_DATA PROVIDED_:
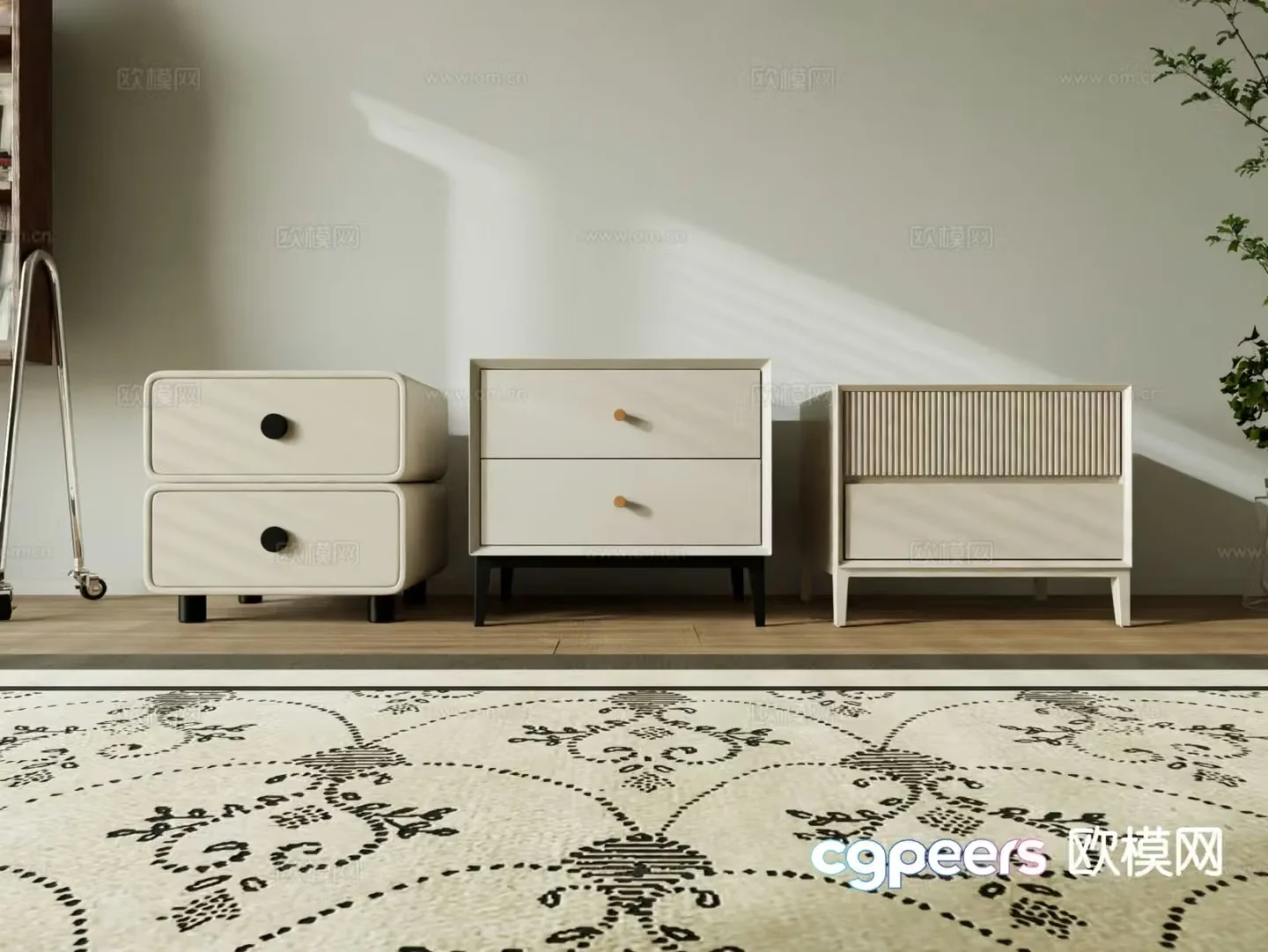 Cream style bedside table 3d model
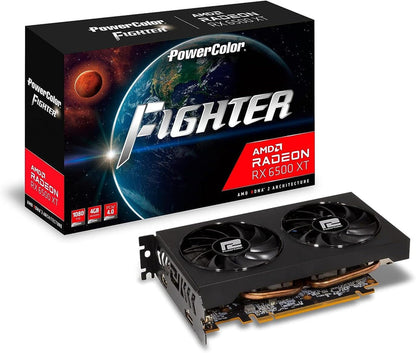 PowerColor Fighter AMD Radeon RX 6500XT Gaming Graphics Card With 4GB GDDR6 Memory AXRX 6500XT 4GBD6DHOC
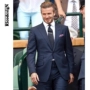 RICODESIGN tùy chỉnh màu xanh hải quân Slim kinh doanh công sở phù hợp với nam phù hợp với nhỏ Beckham phù hợp - Suit phù hợp áo sơ mi nam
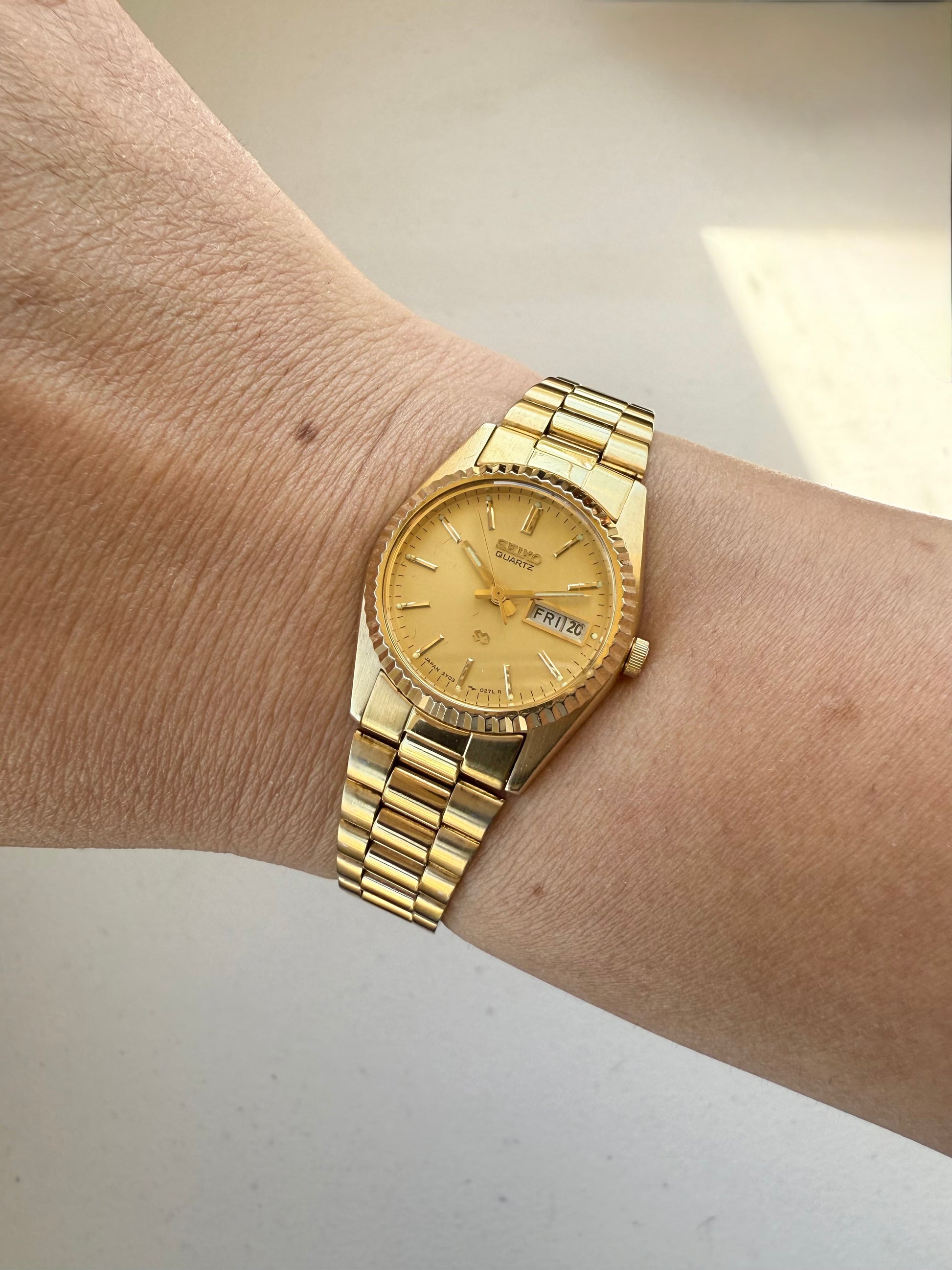 1989 Seiko Quartz SQ Gold Tone “Presidential” Watch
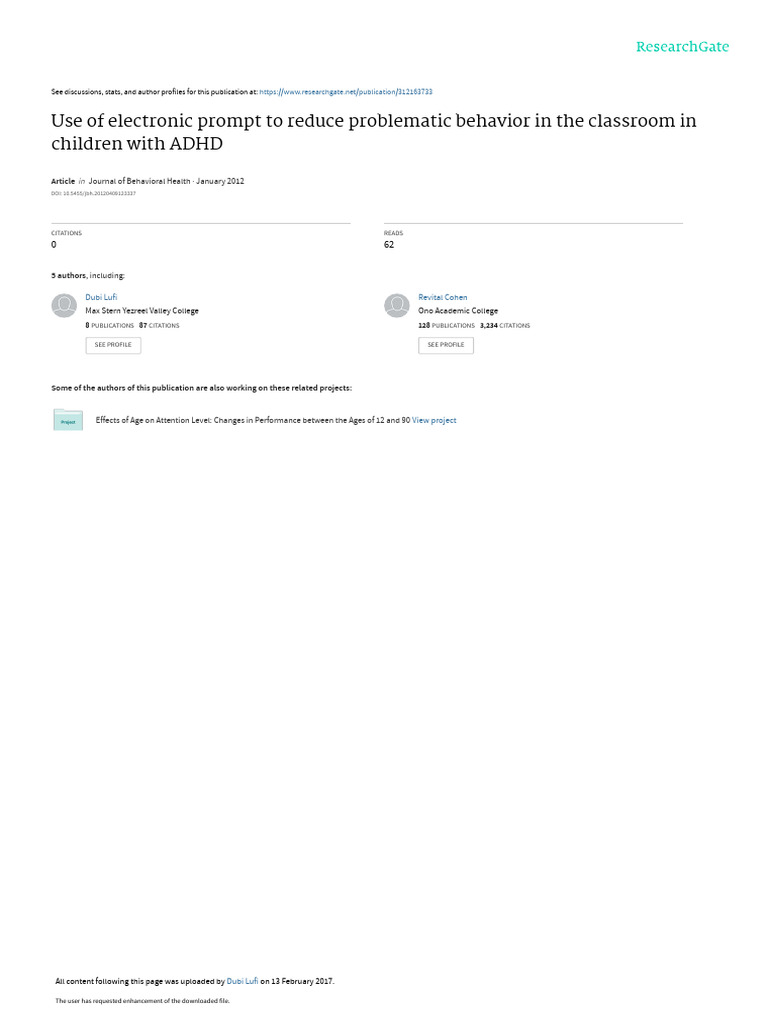 ADHD Classroom Behavior Management | PDF | Attention Deficit ...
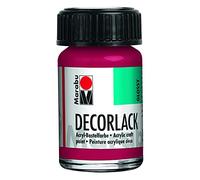 Marabu 11300039032 - Peinture acrylique rouge carmin 032, 15 ml, vernis acrylique brillant à base d'eau, résistant aux intempéries, à la salive, pour peinture, pochoir et technique de serviettage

_ASSIGNED TASK_:
Find the line with "1989 Seiko Quartz". Reproduce it and every line after it through the last line above exactly, leaving out the pictures.

_ANSWER FOR THE TASK_:
 1989 Seiko Quartz SQ Gold Tone “Presidential” Watch
 ADHD Classroom Behavior Management | PDF | Attention Deficit ...
 Marabu 11300039032 - Peinture acrylique rouge carmin 032, 15 ml, vernis acrylique brillant à base d'eau, résistant aux intempéries, à la salive, pour peinture, pochoir et technique de serviettage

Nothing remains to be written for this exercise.